++++ Dataset extract ++++
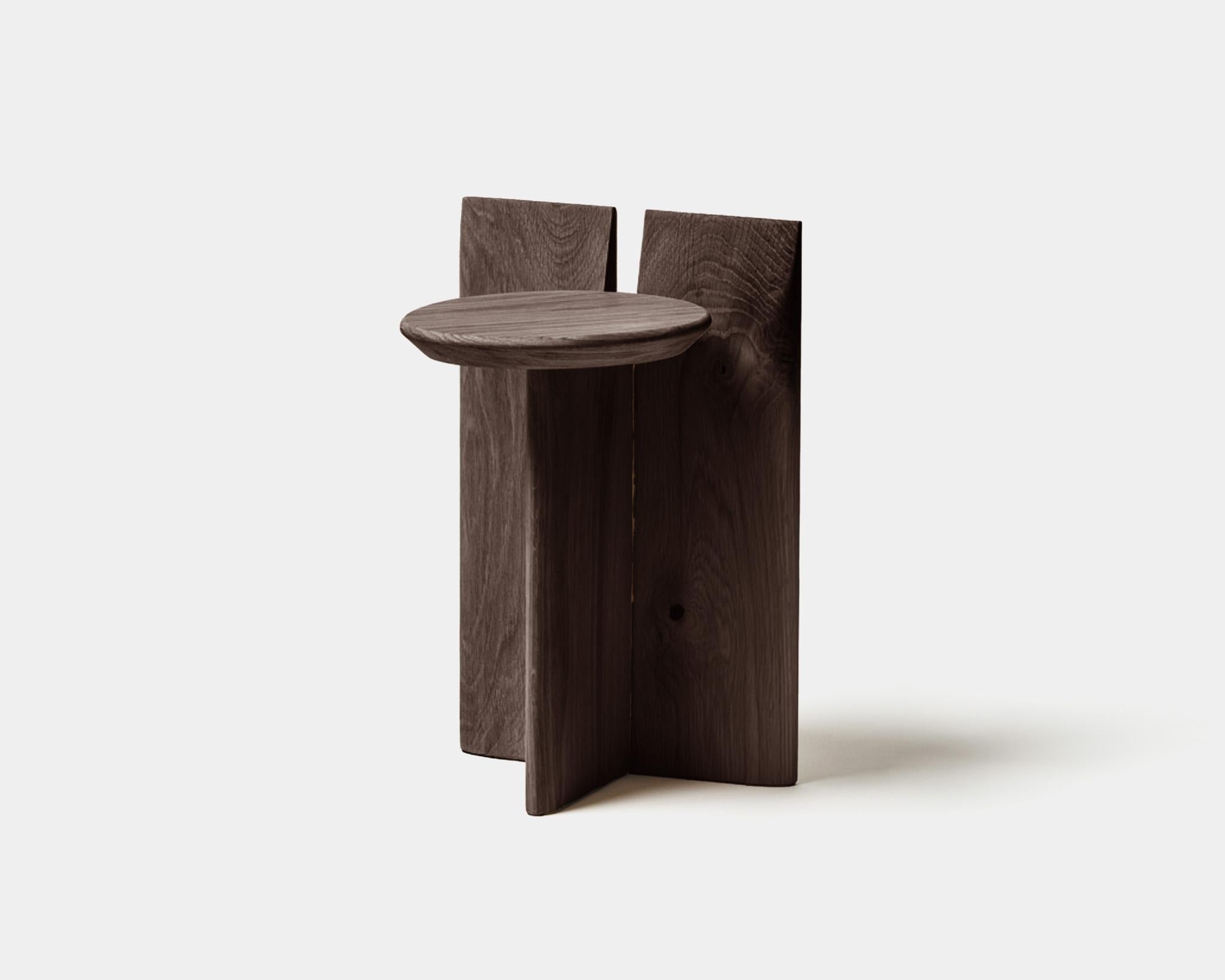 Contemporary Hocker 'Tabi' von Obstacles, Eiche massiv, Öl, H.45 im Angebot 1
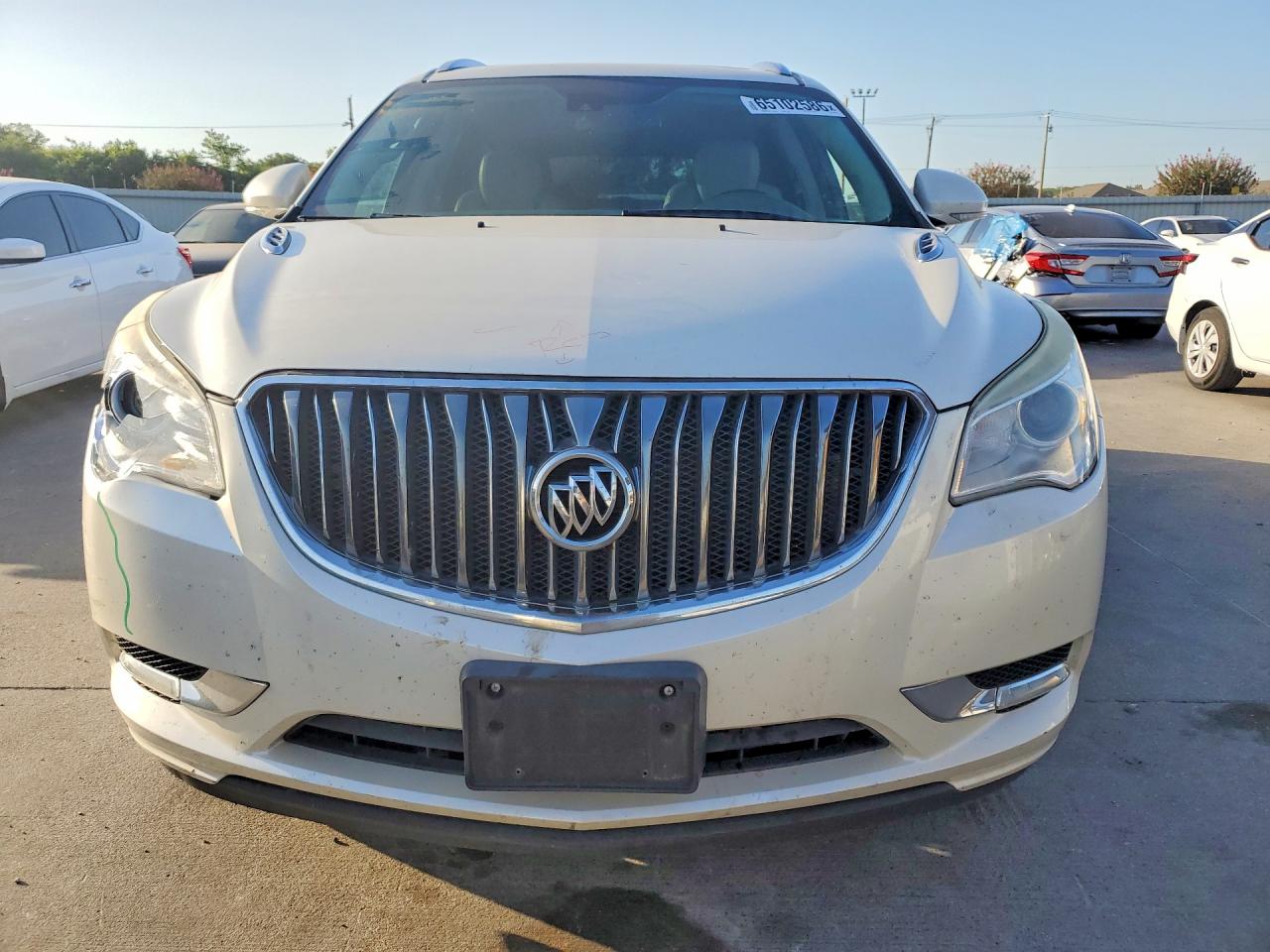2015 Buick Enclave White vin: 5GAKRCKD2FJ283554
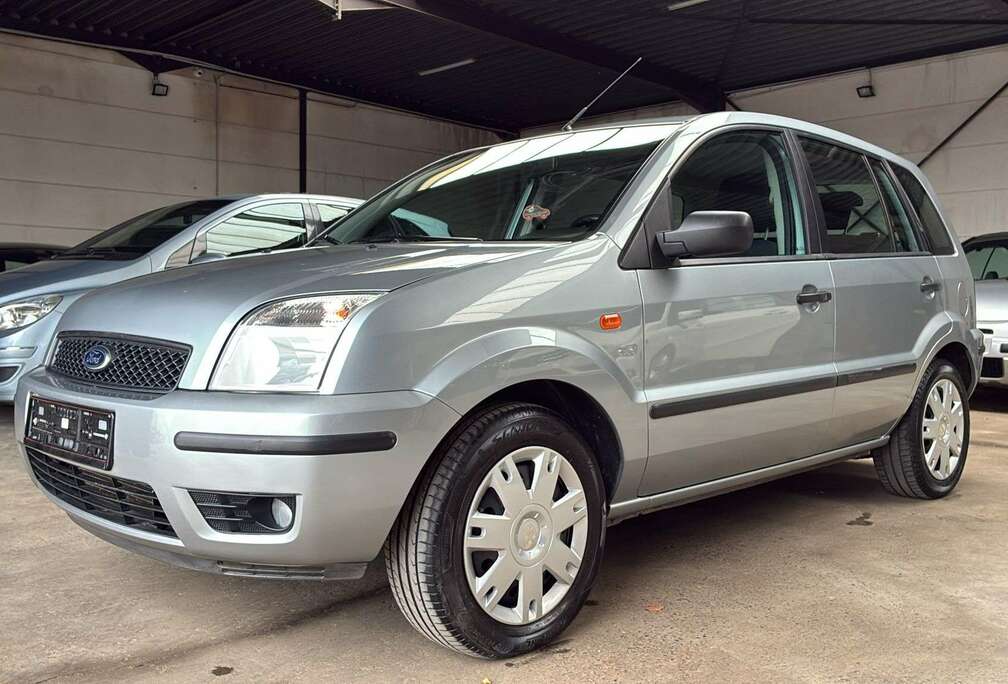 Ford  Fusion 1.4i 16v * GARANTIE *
++++
Give the listing again exactly, minus its images.

Exercise solution:
 Contemporary Hocker 'Tabi' von Obstacles, Eiche massiv, Öl, H.45 im Angebot 1
2015 Buick Enclave White vin: 5GAKRCKD2FJ283554
 Ford  Fusion 1.4i 16v * GARANTIE *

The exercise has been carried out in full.